During the same time frame, the more traditional infection prevention methods picked up 15 suspected outbreaks affecting 133 patients, who were subsequently tested with sequencing, Sundermann said, though only a handful of transmission events involving genetically related bacteria were confirmed.

"It really shows that … traditional methods [are] pretty inaccurate, whereas we captured so [many] outbreaks that went undetected at that time," he noted.

Those outbreaks included a cluster of vancomycin-resistant Enterococcus faecium infections spread out across several hospital units and over many months that stemmed from an interventional radiology procedure, Sundermann recalled. Those infections appeared to be caused by a non-sterile preparation of a contrast compound that was injected into patients before their procedures.

"The procedures that were occurring were done [according to] the manufacturer's recommendations, although we didn't see hand hygiene performed," he noted. "Once we intervened and had some hand precautions, we didn't see any more related cases to that [outbreak]."

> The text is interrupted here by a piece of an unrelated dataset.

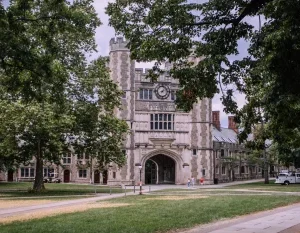 Explore the iconic gothic architecture of Princeton University, surrounded by lush greenery. in Princeton New Jersey Scavenger Hunt, NJ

The team published findings from that outbreak in an earlier Clinical Infectious Diseases study. Along with educating healthcare workers about the source of the outbreak and recommending more sterile methods that are now being used at the hospital, the authors alerted the company involved to this potential infection issue.

"It shows the utility of using EDS-HAT, because it would have never been caught before and we don't know how long it was going on," Sundermann said, noting that "we haven't ever heard of an outbreak from interventional radiology, so we were happy to share and publish that, because we're pretty sure it was happening at other hospitals across the US and the world."

"The folks in interventional radiology were just following the training video, and the training video showed unsafe practices," Harrison added. "It's a global company … and I would be surprised if there weren't similar problems at other institutions."

In the University of Pittsburgh Medical Center-Presbyterian Hospital setting for the EDS-HAT study, the method also appeared to offer cost savings compared to existing infection prevention methods, particularly since it can help more patients dodge infections that may require additional treatment or may even extend their time in the hospital.

Calculations for the study used some assumptions that were specific to hospitals or healthcare centers that have ties to academic sites with genome sequencing capacity, Harrison said. He noted that the team is working on a related analysis looking at the cost and other considerations for doing EDS-HAT-based infection prevention at hospitals that do not have that widespread sequencing capacity.

"We're going in a stepwise fashion," Harrison explained. "Now that we've shown the value of the system, we're changing our workflow in the lab to do real-time sequencing. So we're basically starting to implement EDS-HAT as a real-time tool."

Because many hospitals do not yet have the sequencing capacity and related resources to implement a system like EDS-HAT on their own, the investigators are also in the early stages of considering potential commercialization strategies to reach more healthcare centers. The model for that commercialization remains to be seen, and may depend somewhat on the genome sequencing capacity that a given healthcare setting already has in place or available to it, Harrison said.

At hospitals with whole-genome sequencing capacity or sequencing arrangements with a commercial sequencing lab, for example, the team may offer its analytical algorithms or data mining services, while other sites may be looking for sequencing as well as analytical services.

"There are all kinds of different models that might be appropriate for some hospitals over others," Harrison said.

Sundermann noted that the team is also working on a review of genome sequencing-based infectious disease surveillance at other healthcare centers, which has primarily identified sequencing as a retrospective tool for understanding a specific outbreak event with a single organism.

Even so, "we do find that all of these hospitals that did [genome sequencing] are finding outbreaks that would have gone otherwise unnoticed," he said, noting that the machine learning side of EDS-HAT appears to set it apart further from approaches used in the past.